## What the task requires
Wherever a picture sits, omit it. Output the rest of the listing exactly.

## Data extract
┄┄┄┄┄┄┄┄┄┄┄┄┄┄┄┄┄┄┄┄
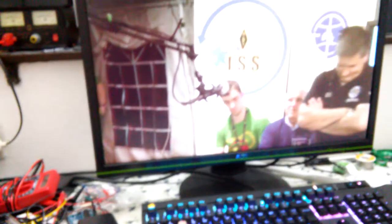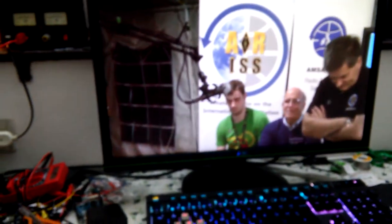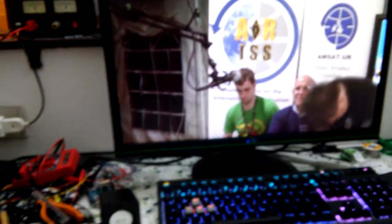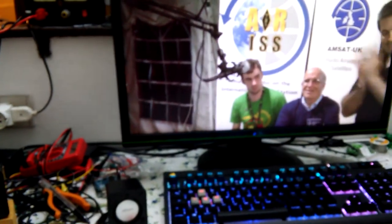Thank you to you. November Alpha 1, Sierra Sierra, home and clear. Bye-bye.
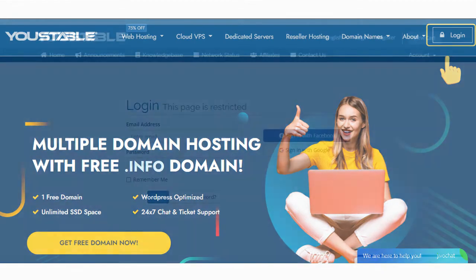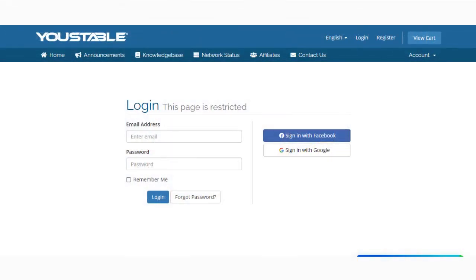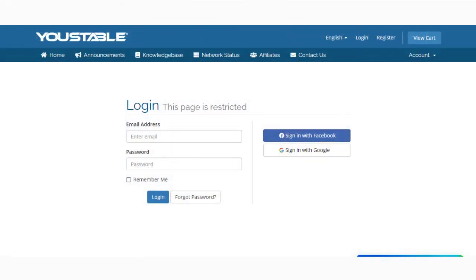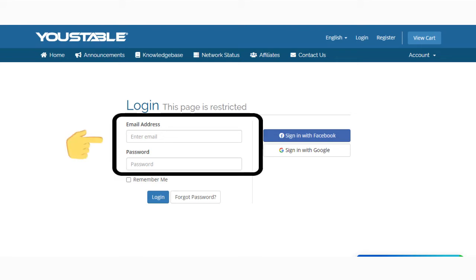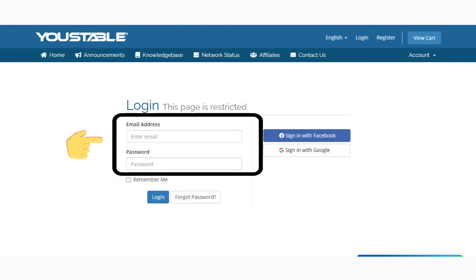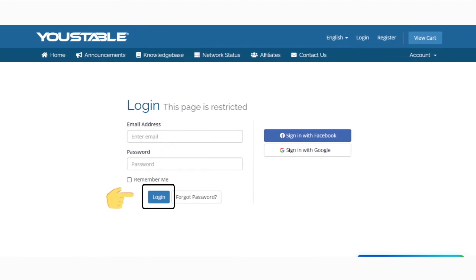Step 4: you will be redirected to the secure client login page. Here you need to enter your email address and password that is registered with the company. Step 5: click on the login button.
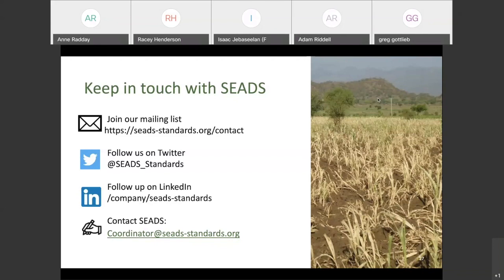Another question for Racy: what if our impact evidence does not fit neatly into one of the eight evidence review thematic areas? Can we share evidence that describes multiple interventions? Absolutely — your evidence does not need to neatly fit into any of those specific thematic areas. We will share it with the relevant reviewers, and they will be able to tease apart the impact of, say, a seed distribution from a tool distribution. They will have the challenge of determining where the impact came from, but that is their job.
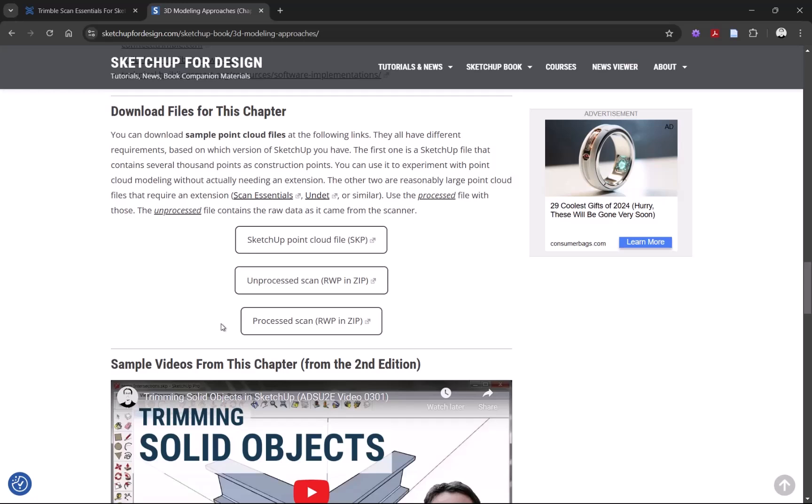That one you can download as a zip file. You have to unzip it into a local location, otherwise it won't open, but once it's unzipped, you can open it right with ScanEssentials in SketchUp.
┄┄┄┄┄┄┄┄┄┄┄┄┄┄┄┄┄┄┄┄
## Answer box
Thank you to you. November Alpha 1, Sierra Sierra, home and clear. Bye-bye.
Step 4: you will be redirected to the secure client login page. Here you need to enter your email address and password that is registered with the company. Step 5: click on the login button.
Another question for Racy: what if our impact evidence does not fit neatly into one of the eight evidence review thematic areas? Can we share evidence that describes multiple interventions? Absolutely — your evidence does not need to neatly fit into any of those specific thematic areas. We will share it with the relevant reviewers, and they will be able to tease apart the impact of, say, a seed distribution from a tool distribution. They will have the challenge of determining where the impact came from, but that is their job.
That one you can download as a zip file. You have to unzip it into a local location, otherwise it won't open, but once it's unzipped, you can open it right with ScanEssentials in SketchUp.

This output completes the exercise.